- **Work required**
Go through the records and set each one down exactly, skipping any picture.

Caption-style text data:
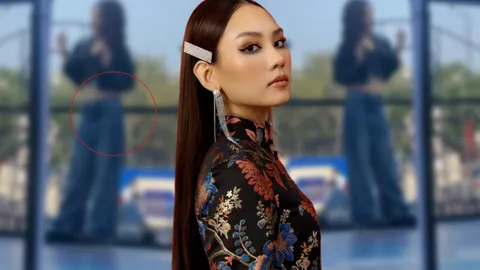 Xôn xao hình ảnh Hoa hậu Mai Phương để lộ nội y kém duyên ở nơi đông người khiến fan 'chào thua'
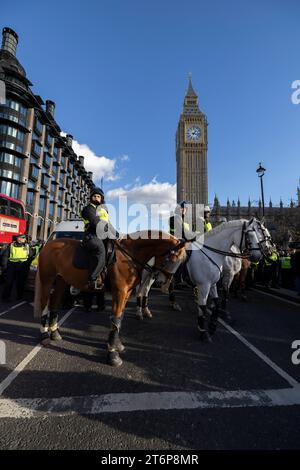 La polizia sul controllo di Horseback controprotesta contro i manifestanti di estrema destra sul Westminster Bridge, Londra, Inghilterra, Regno Unito Foto Stock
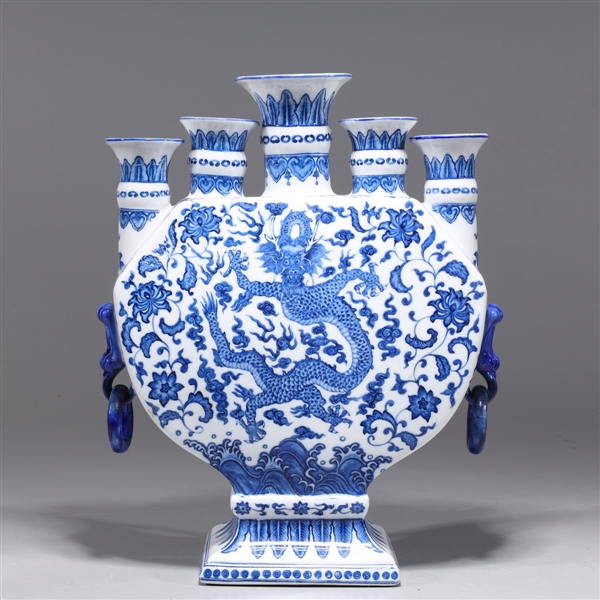 Chinese blue and white porcelain 2abe04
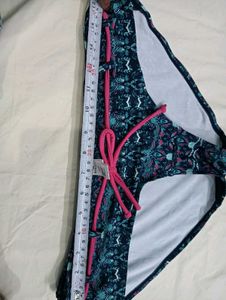 thrift  🫴Bikini 🤎Bottom with Tie Detail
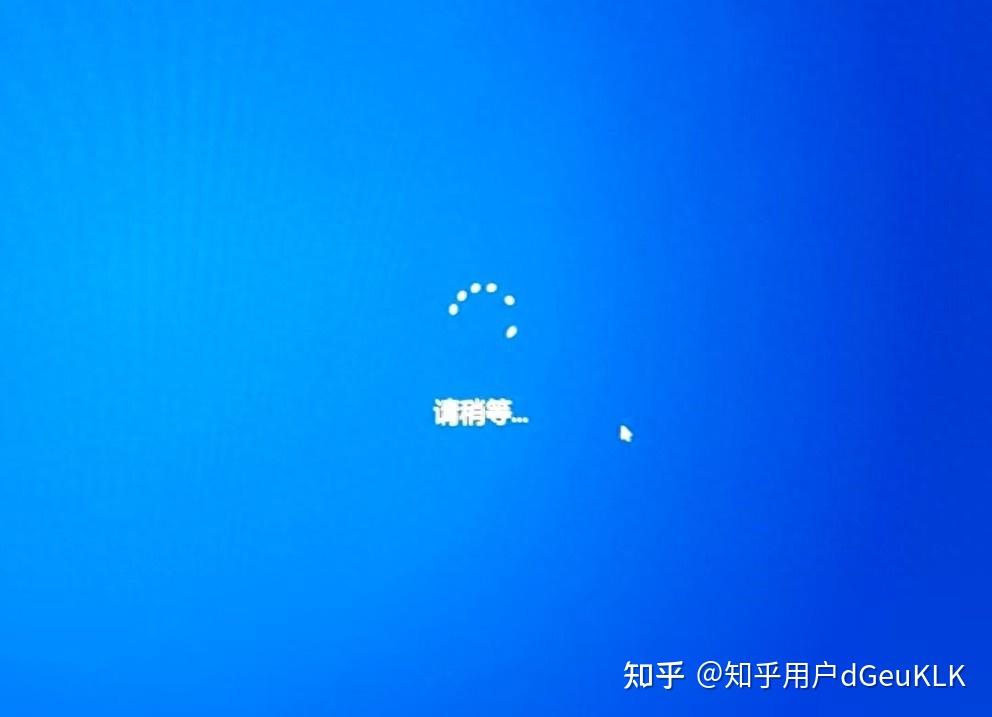 老电脑卡到想砸?别急!微软藏了个官方系统,低配机续命首选
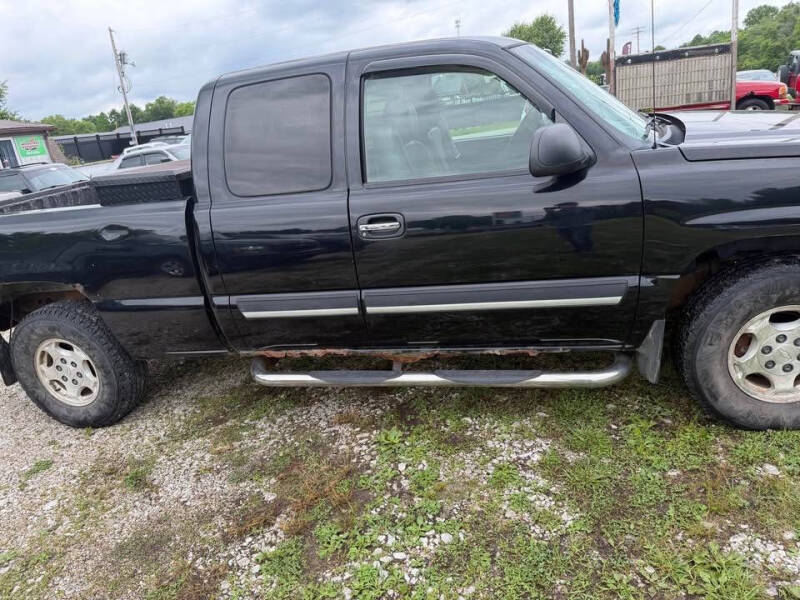 2004 Chevrolet Silverado 1500 LS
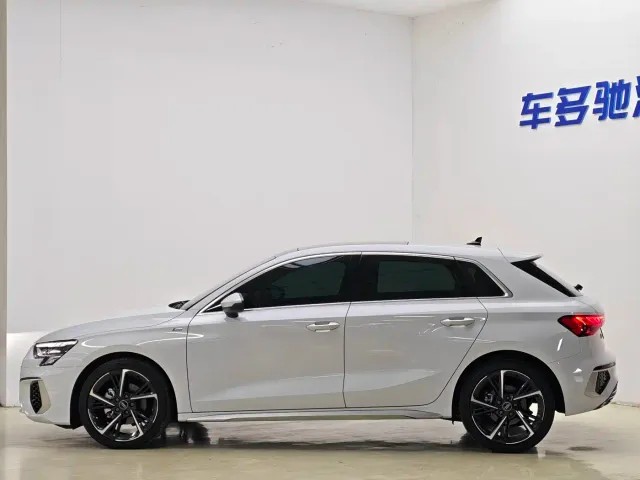 Audi A3 — Фото автомобиля 4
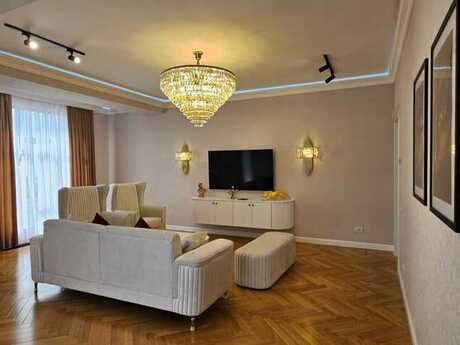 3 otaqlı mənzil, 150 m², Nərimanov: 595 000 ₼ 2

- **Response to the task**
 Xôn xao hình ảnh Hoa hậu Mai Phương để lộ nội y kém duyên ở nơi đông người khiến fan 'chào thua'
 La polizia sul controllo di Horseback controprotesta contro i manifestanti di estrema destra sul Westminster Bridge, Londra, Inghilterra, Regno Unito Foto Stock
 Chinese blue and white porcelain 2abe04
 thrift  🫴Bikini 🤎Bottom with Tie Detail
 老电脑卡到想砸?别急!微软藏了个官方系统,低配机续命首选
 2004 Chevrolet Silverado 1500 LS
 Audi A3 — Фото автомобиля 4
 3 otaqlı mənzil, 150 m², Nərimanov: 595 000 ₼ 2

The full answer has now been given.